R850 - Ceramics SA members
Members, If you don't have the promotional code already please email [email protected]
R1100 - non-members
10h30 - 15h00
Farm-style lunch included
Presented by:
Lissa Claassens www.earthplaystudio.com and
Natasha Human www.clayhands.co.za
For additional enquiries, contact:
Chantal Charan - [email protected]
Jenny Chadwick 084 734 2202
Rosh Sewpersad 082 333 8701 (available from 26 August)
WORKSHOP DETAILS
In this workshop two smoke firing processes are for participation and one technique is for demonstration only:
1) Smoke fire your pieces using newspaper to achieve either a patchy ‘airbrushed pattern’ of browns, blacks and clay colour, or to achieve a completely black finish to your piece.

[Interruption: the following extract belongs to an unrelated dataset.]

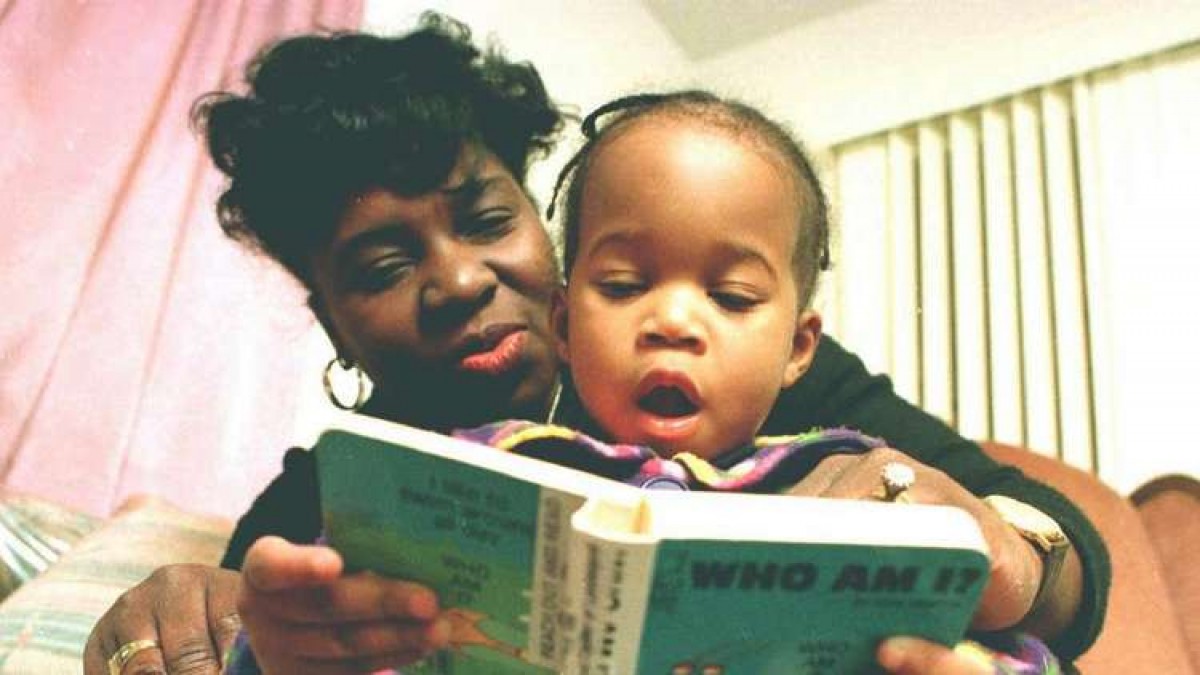 «Να διαβάζετε στα παιδιά σας κάθε μέρα» συστήνουν οι παιδίατροι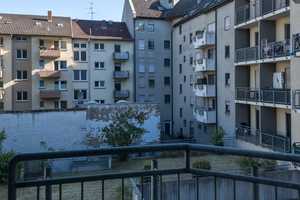 Schönes 1-Zimmer Apartment, mit Balkon, in Mannheim-Lindenhof - zentral gelegen – Meerfeldstraße 11, 68163 Mannheim – Vorschaubild 4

We will also discuss using sawdust as an alternative to the newspaper method, although we will not be doing that technique as it takes too long to burn through and cool down.
2) Use glossy advertisement inserts from newspapers or cheap glossy wrapping paper to create a coloured surface. The result from this technique is dependent on the colours in the glossy print. It gives a smokey effect and a slightly ‘dotted’, random pattern on your burnished surface. This technique is done using a gas torch.
3) A demonstration on how to make your own terra sigillata to use for extra glossy burnished surfaces. Terra sigillata needs to be applied to bone-dry surfaces, preferably already burnished. It is then bisque fired before smoking. A discussion on adding mica to your terra sigillata to give a sparkle to your surface.
To prepare for this workshop please make and bisque fire two items per technique. You can use earthenware or stoneware clay, grogged or smooth. Best results for both these techniques are achieved if you burnish your piece.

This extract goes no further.